Вообще все показались ему похожими на пьяных: некоторые страшно ругались, другие хохотали, когда проволока схватывала их за руку или за ногу, и тут же умирали. Он сам, хотя с утра ничего не пил и не ел, чувствовал себя очень странно: голова кружилась, и страх минутами сменялся диким восторгом – восторгом страха. Когда кто-то рядом с ним запел, он подхватил песню, и скоро составился целый очень дружный хор. Он не помнит, что пели, но что-то очень веселое, плясовое. Да, они пели – и все кругом было красно от крови. Само небо казалось красным, и можно было подумать, что во вселенной произошла какая-то катастрофа, какая-то странная перемена и исчезновение цветов: исчезли голубой и зеленый и другие привычные и тихие цвета, а солнце загорелось красным бенгальским огнем.
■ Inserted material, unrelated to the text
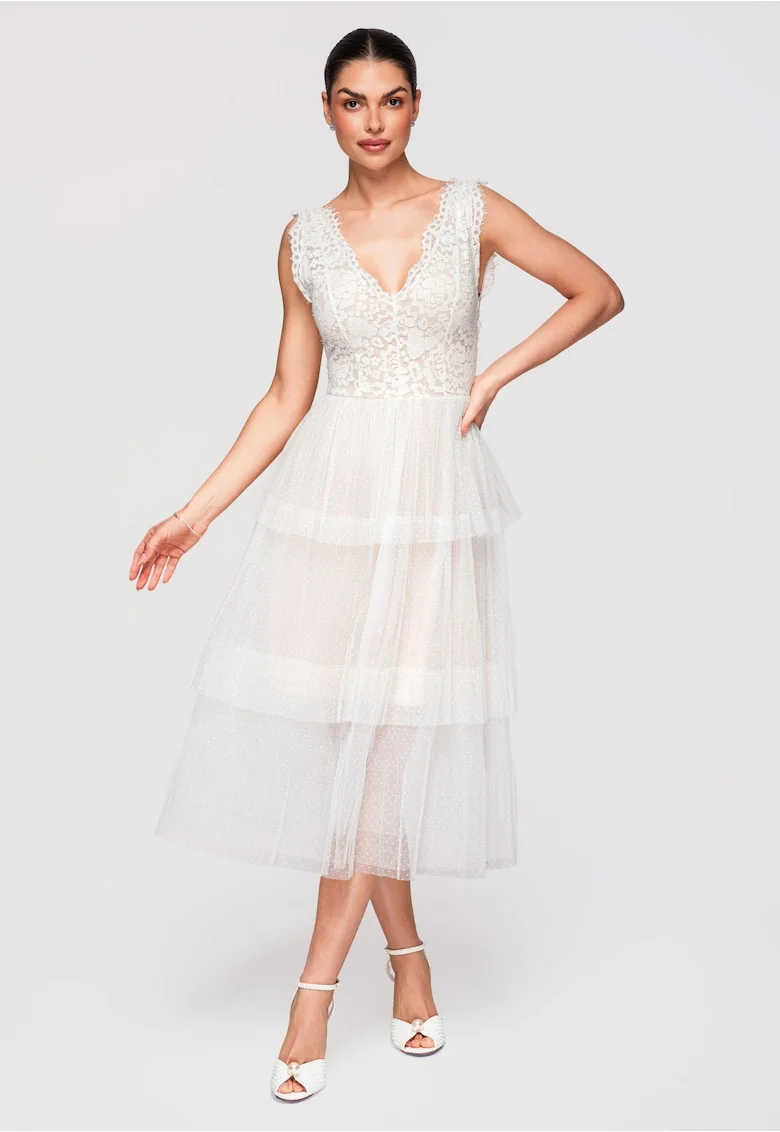 Rochie Cocktail Midi Dantela si Tulle Eleganta, Croiala Fit & Flare, Alb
– Красный смех, – сказал я.

Но он не понял.

– Да, и хохотали. Я уже говорил тебе. Как пьяные. Может быть, даже и плясали, что-то было. По крайней мере, движения тех трех походили на пляску.

Он ясно помнит: когда его ранили в грудь навылет и он упал, еще некоторое время, до потери сознания, он подрыгивал ногами, как будто кому подтанцовывал. И теперь он вспоминает об этой атаке со странным чувством: отчасти со страхом, отчасти как будто с желанием еще раз испытать то же самое.

– И опять пулю в грудь? – спросил я.

– Ну вот: не каждый же раз пулю. А хорошо бы, товарищ, получить орден за храбрость.

Он лежал на спине, желтый, остроносый, с выступающими скулами и провалившимися глазами, – лежал, похожий на мертвеца, и мечтал об ордене. У него уже начался гнойник, был сильный жар, и через три дня его должны будут свалить в яму, к мертвым, а он лежал, улыбался мечтательно и говорил об ордене.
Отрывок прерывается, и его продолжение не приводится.